Islamabad — Pakistan has taken a historic step in managing its finances by repaying domestic debt ahead of schedule, reflecting a more disciplined and proactive fiscal approach. Over the past 14 months, the government has successfully retired PKR 3,650 billion in domestic loans, easing pressure on public finances.
The State Bank of Pakistan has completed an additional PKR 300 billion in early repayments. Finance Minister Adviser Khurram Shehzad noted that in the first seven months of fiscal year 2026, over PKR 2,150 billion was repaid early — a 44% increase compared to the same period last year.
According to Shehzad, the central bank’s debt has now decreased by nearly 44%, falling from PKR 5,500 billion to around PKR 3,000 billion. Even loans initially due in 2029 have been repaid years ahead of schedule, highlighting the government’s strategic financial planning.

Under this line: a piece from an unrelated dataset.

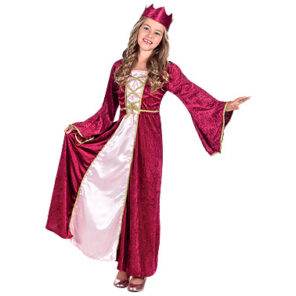 Carnaval kostuum kind - Lier - verkleedkledij kinderen - tieners - Italië - gala jurk - rood kleed - Princess - Koningin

Early repayments included roughly 65% State Bank loans, 30% Treasury Bills, and 5% Pakistan Investment Bonds, bringing total public debt down from PKR 80.5 trillion to nearly PKR 80 trillion.
Shehzad emphasized that the debt-to-GDP ratio has now fallen below 74%, signaling a stronger fiscal position and a more sustainable economic outlook for Pakistan. Analysts say these measures not only reduce financial vulnerability but also demonstrate the government’s commitment to long-term stability and growth.